The moon is creamy and soft, and the jewels on the queen's dress wink; Sir Lancelot's sword flashes.

“I will!” says Sir Lancelot under his breath. “I can!”

Guinevere draws in her breath. “You cannot!” she says in a low voice. “I wish you could, just as much as you do.”

“How much? How much do you wish I could?”

“With my heart.”

“Then I will!” Sir Lancelot says hoarsely. “I'll show you how strong your love makes me.”

Now Sir Lancelot sets up the ladder under the queen's window. And now he sheathes his sword and climbs the ladder.

“No!” says the queen.

Sir Lancelot grabs two of the thick iron window bars. With all his strength he pulls. I can see his nostrils flaring. He wrenches the bars right out of the stone walls.

“You're cut!” cries the queen. “Let me see.” She reaches out and takes Lancelot's left hand. “To the bone,” she whispers.

“To the heart, my lady,” Sir Lancelot replies.

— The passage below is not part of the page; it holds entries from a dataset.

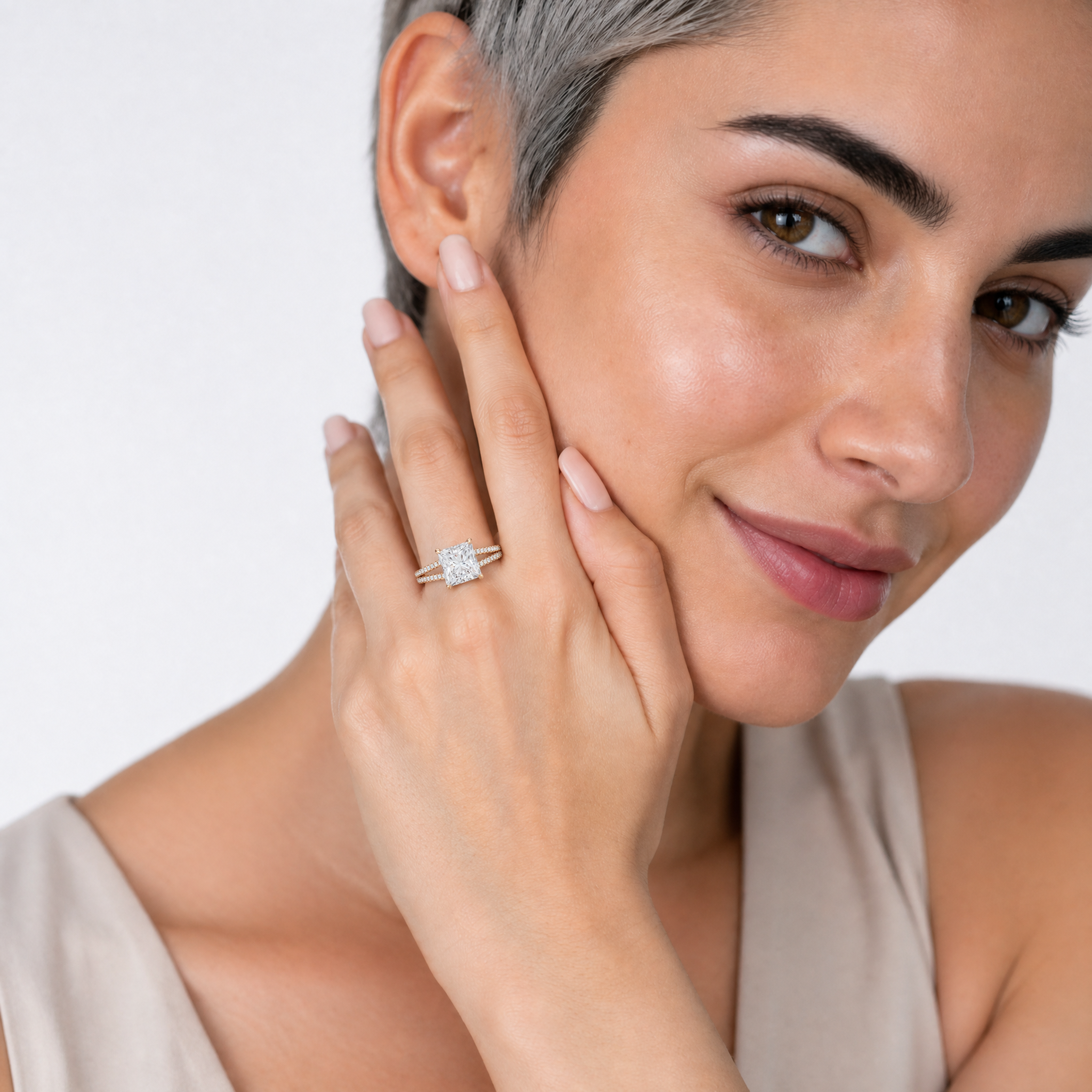 Woman Wearing Princess Cut Lab Grown Diamond Engagement Ring in 14K Yellow Gold – Raul Diamonds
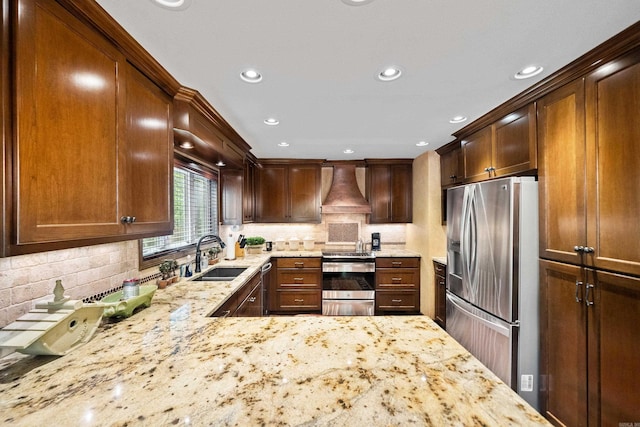 138 Silver Point Dr Unit 14, Mount Ida, AR 71957 - kitchen featuring recessed lighting, light stone counters, stainless steel appliances, a sink, and custom exhaust hood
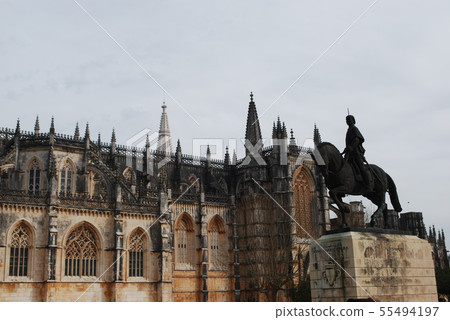 Monastery of Batalha in Portugal and equestrian view of the hero Nuno Alvarez Pereira 55494197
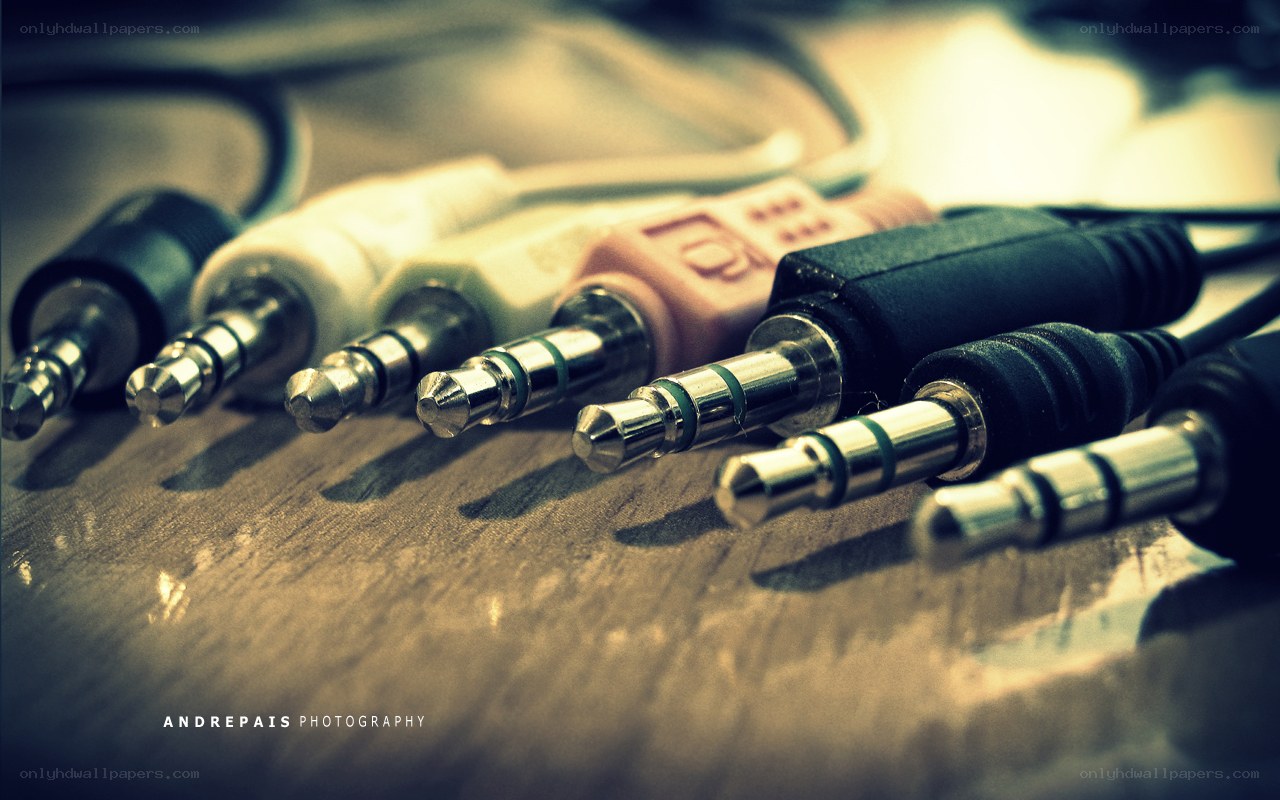 audio jacks on wooden surface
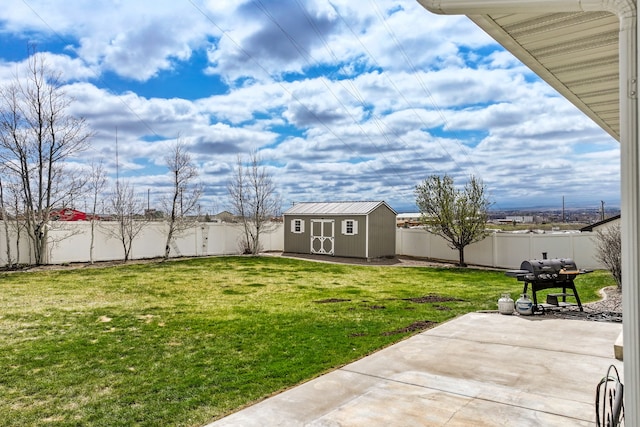 3201 12th St NE, Great Falls, MT 59404 - view of yard with a storage unit, a fenced backyard, a patio area, and an outbuilding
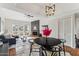 Open-concept dining room next to the living room featuring a modern light fixture at 3059 E Rose Ln, Phoenix, AZ 85016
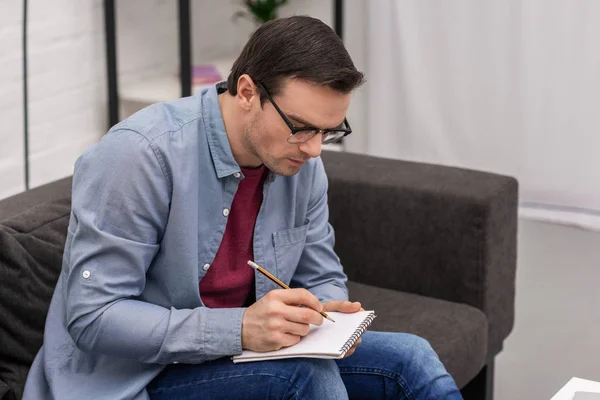 Concentrated adult man writing in notebook  while sitting on couch — Stock Photo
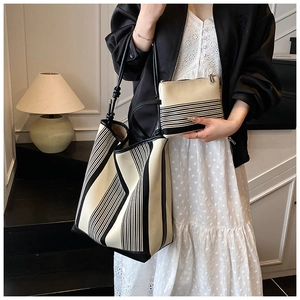 Detail of minimalist cream tote bag set with black stripes and matching inner pouch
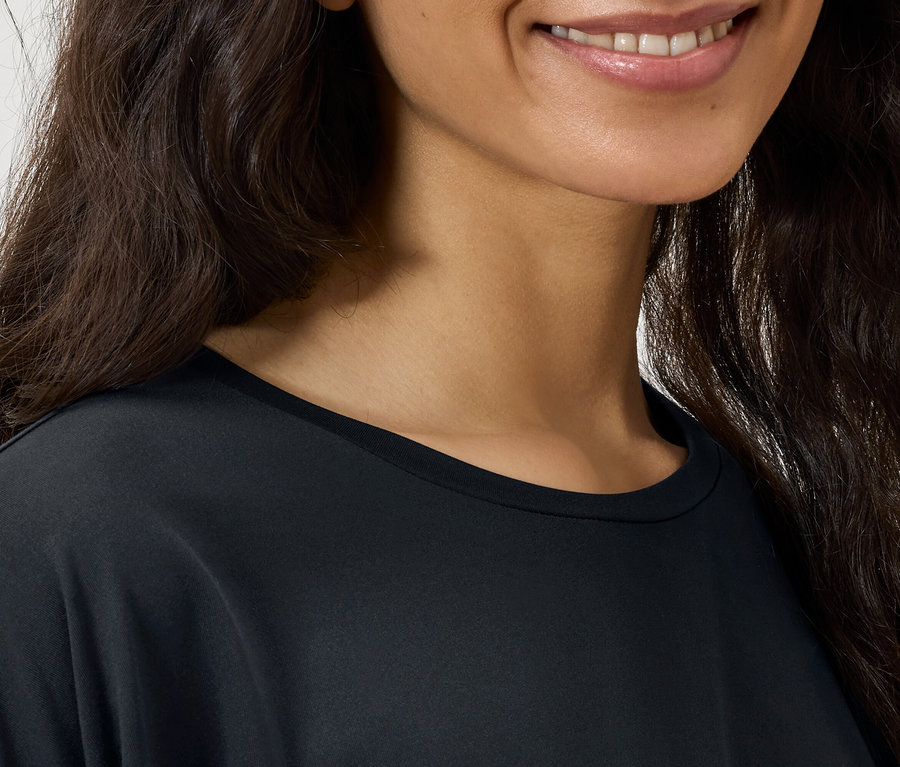 Koyu dalgalı saçlı ve siyah tişörtlü bir kadının yüzünün yakın çekimi.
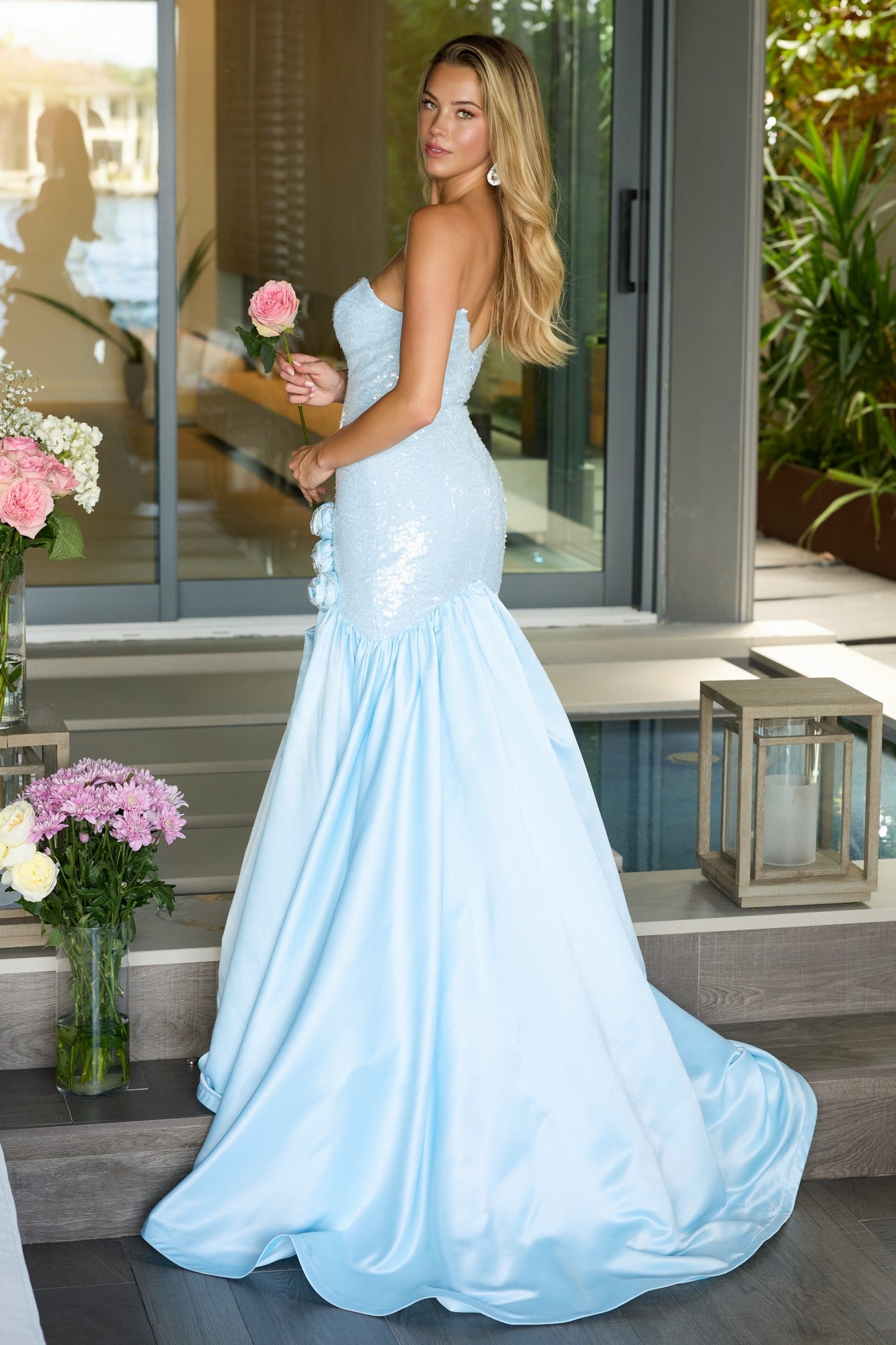 A woman in the Ava Presley 26520 long prom dress, featuring a strapless mermaid silhouette and sequin fitted bodice, holds a pink rose while standing indoors near glass doors and floral arrangements.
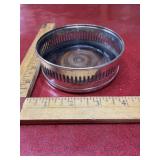 Silver plate stand holding a wooden coaster
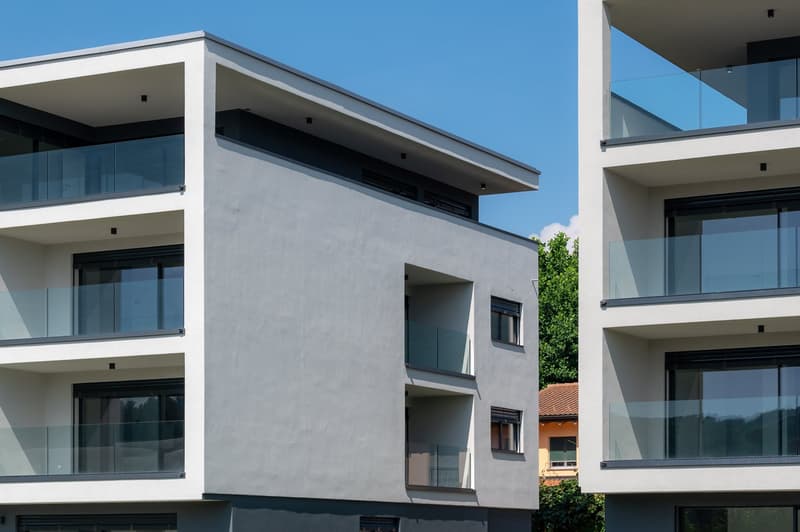 Modern multistory building, glass balconies on each floor, white walls, glass windows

Now Sir Lancelot grasps the third bar with his right hand, and stands on the topmost rung. With a yelp, he half-springs, half-hauls himself into the queen's candlelit chamber.

Queen Guinevere and King Arthur's most trusted knight step into each other's arms.

“Let me bind your wound,” murmurs the queen.

“I've known worse,” Sir Lancelot says. “Men who fight expect to get wounded.”

He brings the queen close again.

“No knight is as strong as you,” the queen whispers. “And you know how a strong man excites a woman's love. Sit here, and I will dress your wound.”

Now Guinevere finds a white silk shift so fine you could crumple it up and conceal it in your fist. She puts the hem between her teeth, and tears a strip to wrap round Lancelot's left hand.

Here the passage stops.